= Task item =
Recreate the listing that follows line for line, without pictures.

Top of Data extract

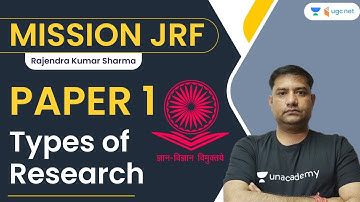 Types of Research | Paper -1 | Mission JRF | Rajendra Kumar Sharma | Wifistudy UGC NET Hindi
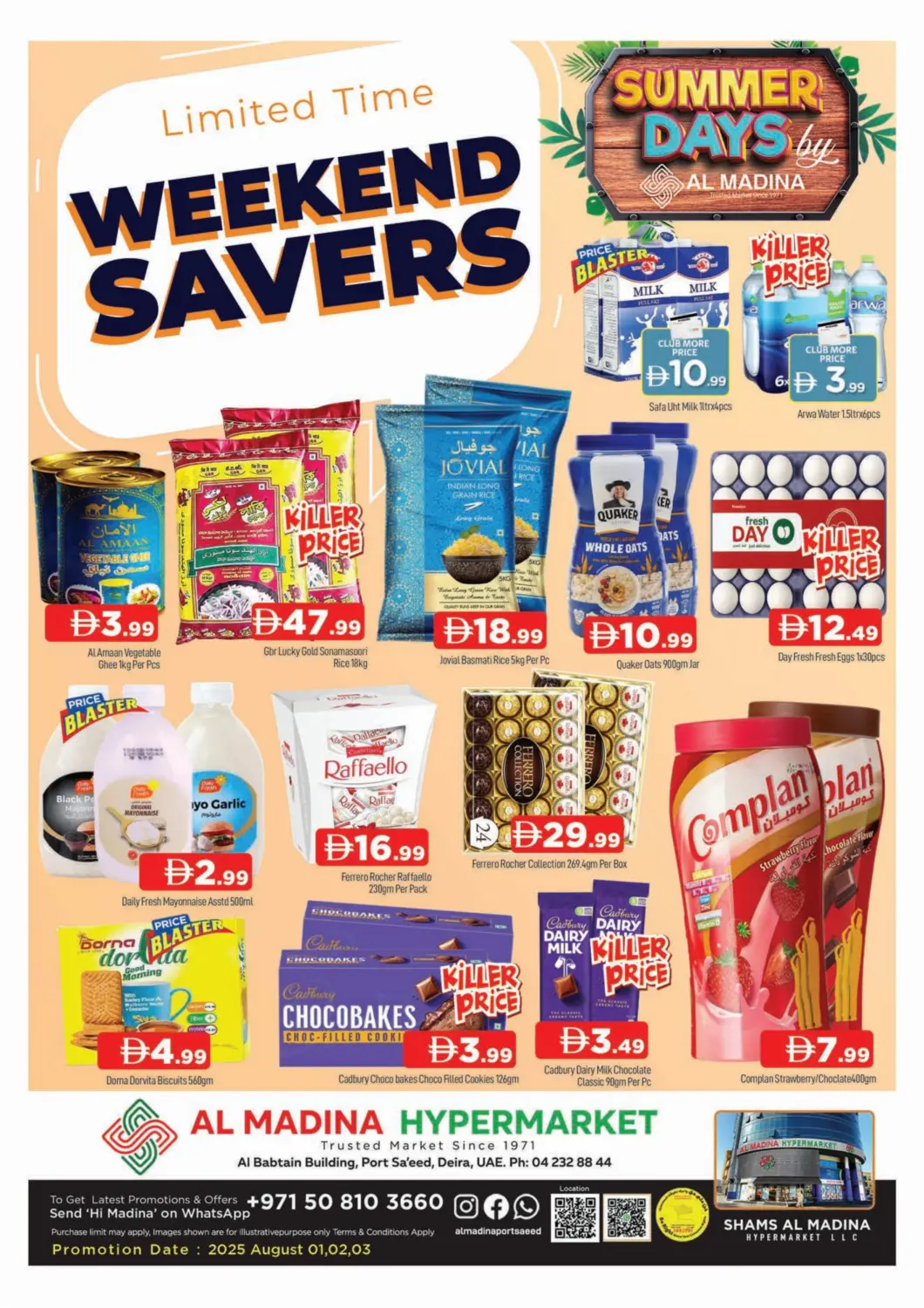 UAE - Dubai AL MADINA (Dubai) offers in D4D Online. AL MADINA PORT SAEED. . Till 3rd August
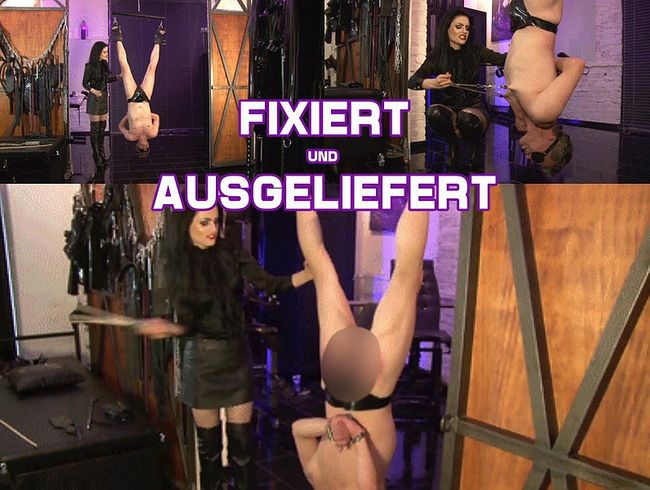 DominaBlackdiamoond Porno Video: Fixiert und ausgeliefert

Bottom of Data extract

= Response =
 Types of Research | Paper -1 | Mission JRF | Rajendra Kumar Sharma | Wifistudy UGC NET Hindi
 UAE - Dubai AL MADINA (Dubai) offers in D4D Online. AL MADINA PORT SAEED. . Till 3rd August
 DominaBlackdiamoond Porno Video: Fixiert und ausgeliefert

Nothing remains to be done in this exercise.